▸ What is expected: Repeat the whole listing word for word, skipping pictures.

▸ Data listing:

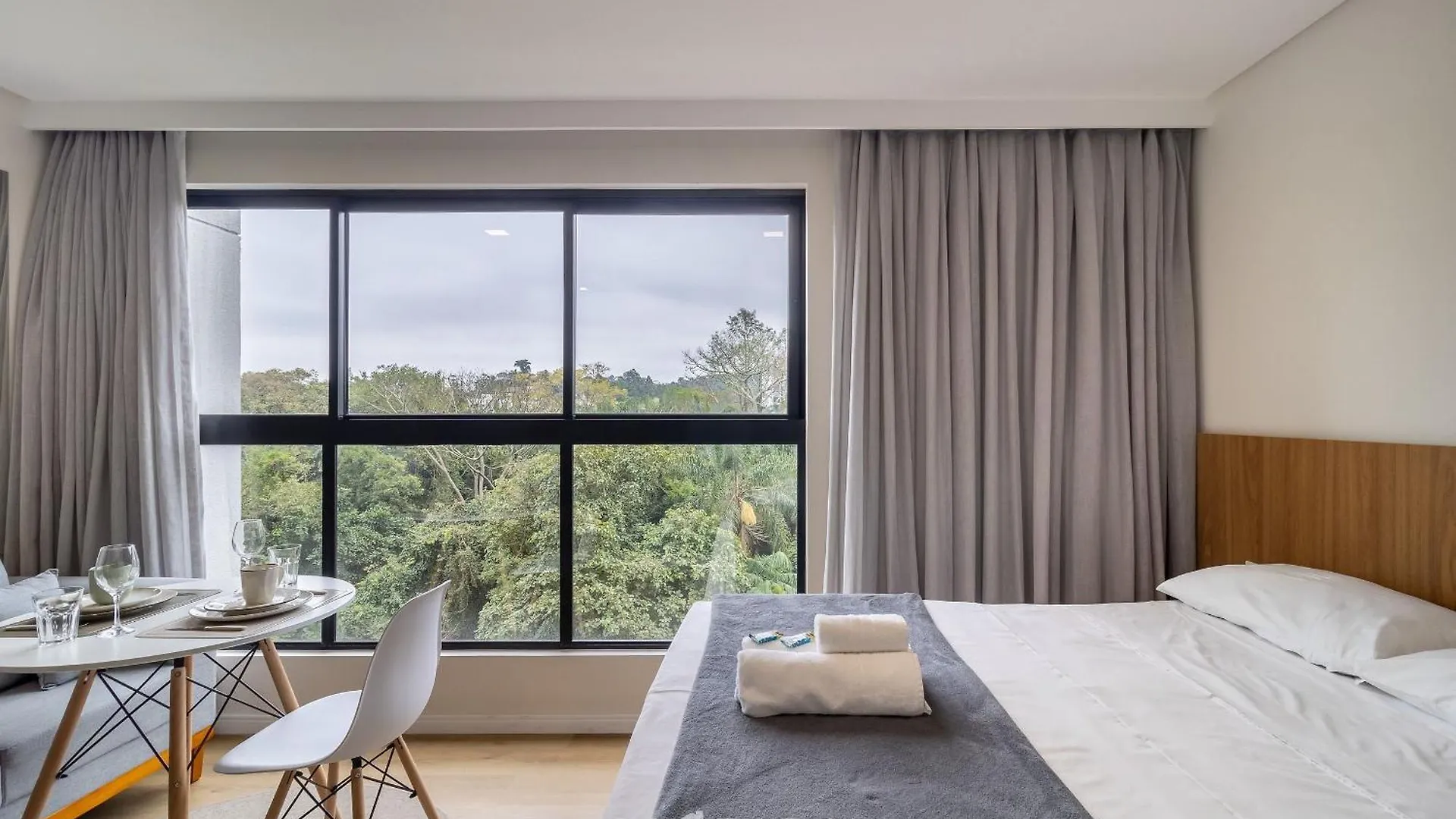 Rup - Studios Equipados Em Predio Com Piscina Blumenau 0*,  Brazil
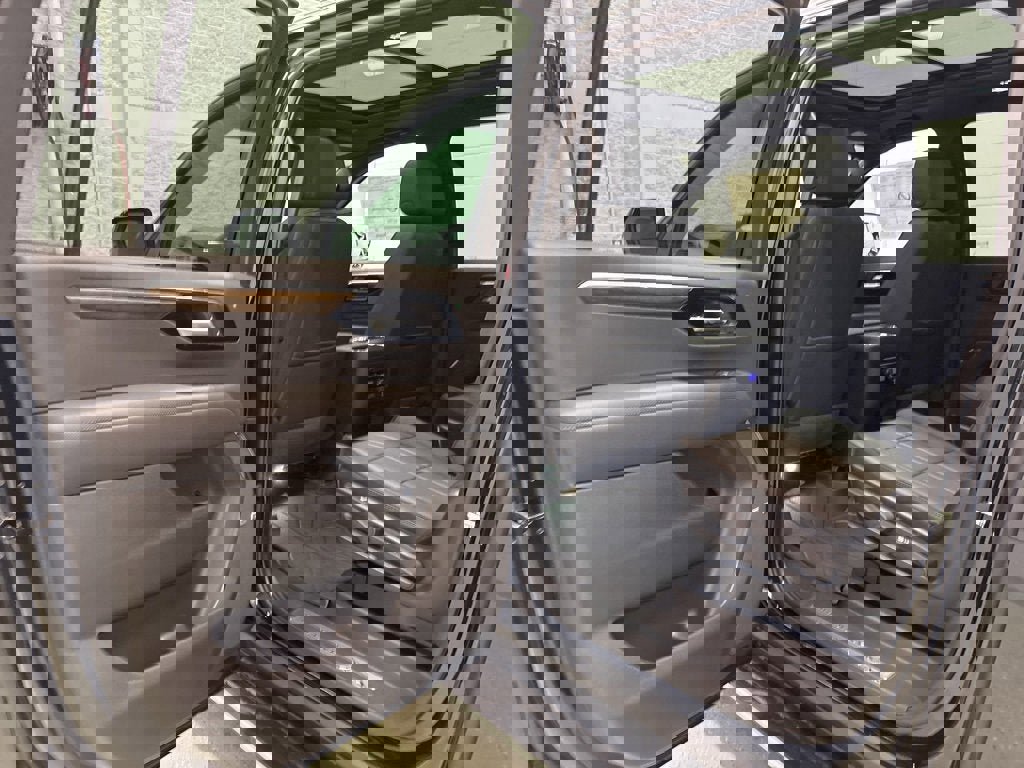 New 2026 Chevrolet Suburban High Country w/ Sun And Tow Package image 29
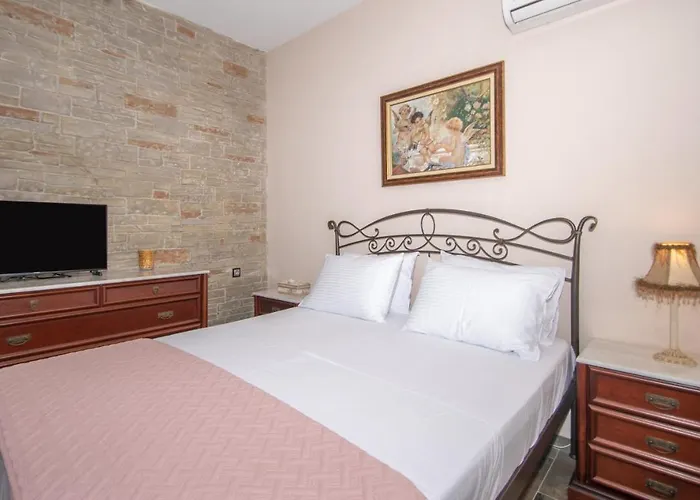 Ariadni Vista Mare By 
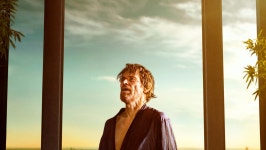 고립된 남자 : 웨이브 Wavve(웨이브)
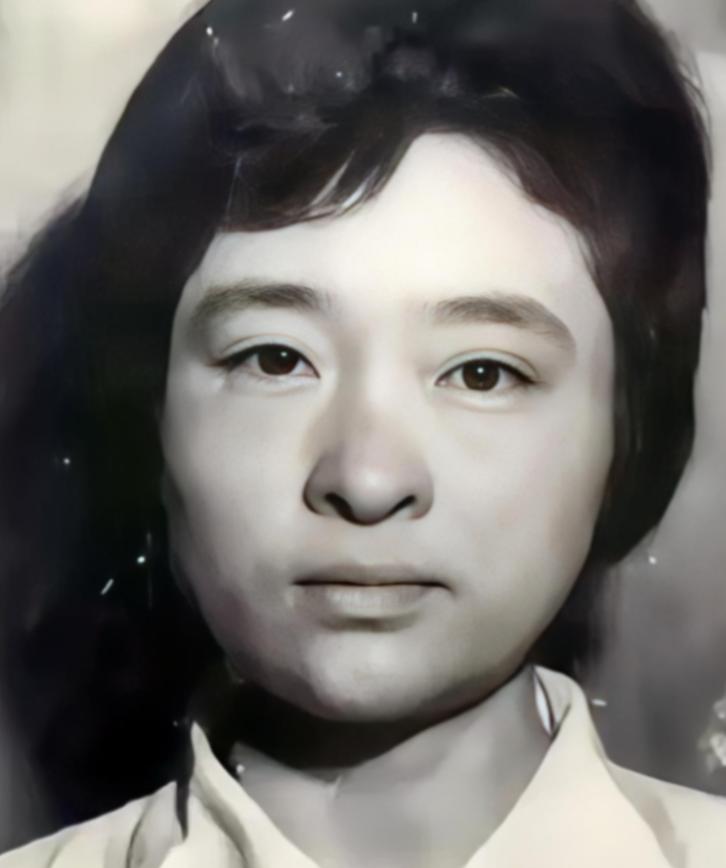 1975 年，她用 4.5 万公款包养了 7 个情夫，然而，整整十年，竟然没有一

▸ Answer section:
 Rup - Studios Equipados Em Predio Com Piscina Blumenau 0*,  Brazil
 New 2026 Chevrolet Suburban High Country w/ Sun And Tow Package image 29
 Ariadni Vista Mare By 
 고립된 남자 : 웨이브 Wavve(웨이브)
 1975 年，她用 4.5 万公款包养了 7 个情夫，然而，整整十年，竟然没有一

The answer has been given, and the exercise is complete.